## INSTRUCTIONS TO FOLLOW
Would you transcribe the listing exactly as it stands, minus any images?

## SUPPLIED MATERIAL
-------

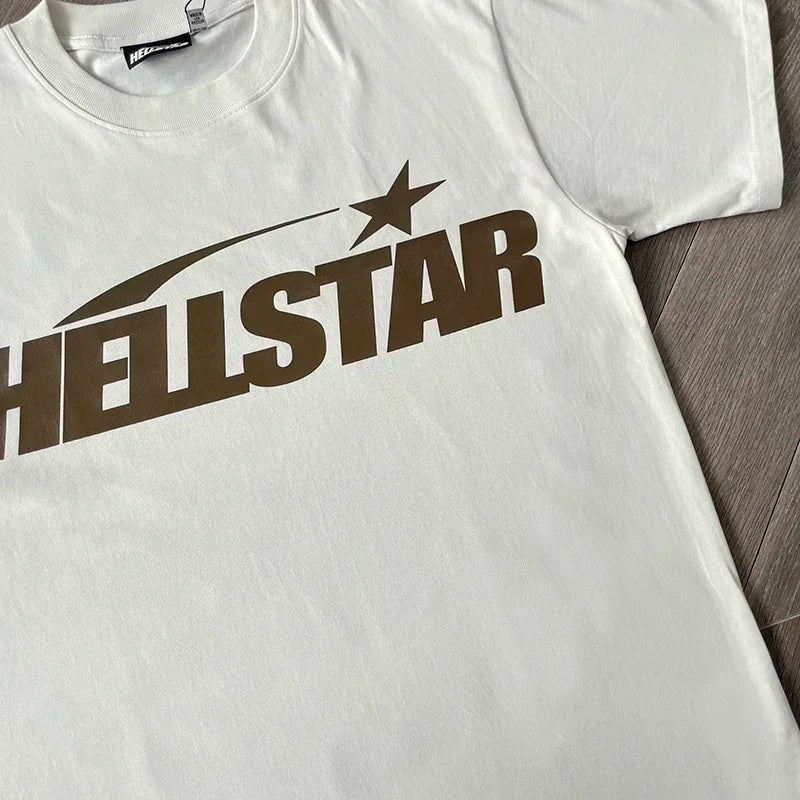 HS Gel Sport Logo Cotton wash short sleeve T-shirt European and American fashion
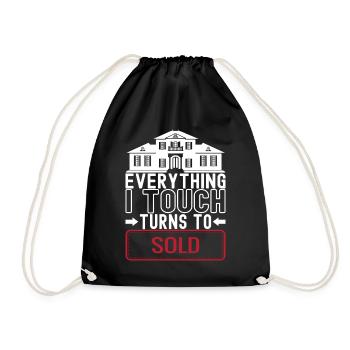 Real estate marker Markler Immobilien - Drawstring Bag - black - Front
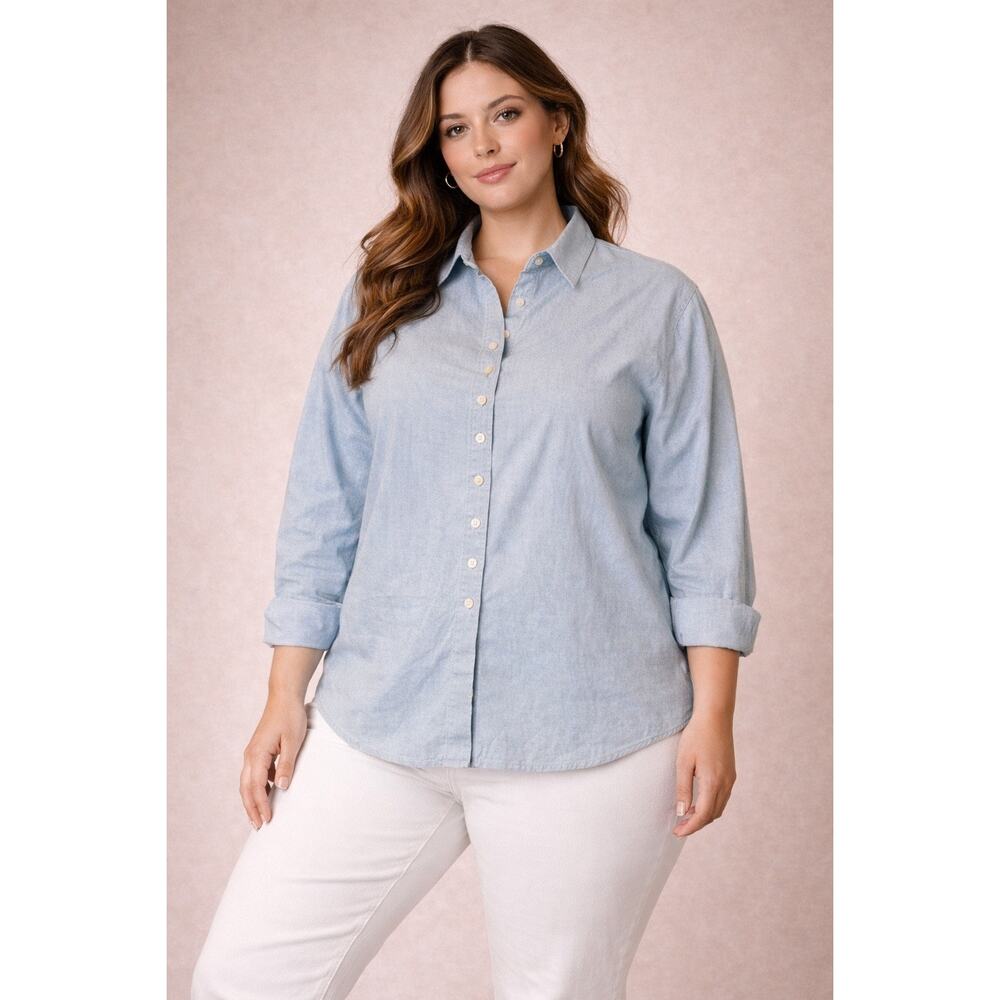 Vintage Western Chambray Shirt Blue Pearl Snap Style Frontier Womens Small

-------

## SOLUTION BELOW
 HS Gel Sport Logo Cotton wash short sleeve T-shirt European and American fashion
 Real estate marker Markler Immobilien - Drawstring Bag - black - Front
 Vintage Western Chambray Shirt Blue Pearl Snap Style Frontier Womens Small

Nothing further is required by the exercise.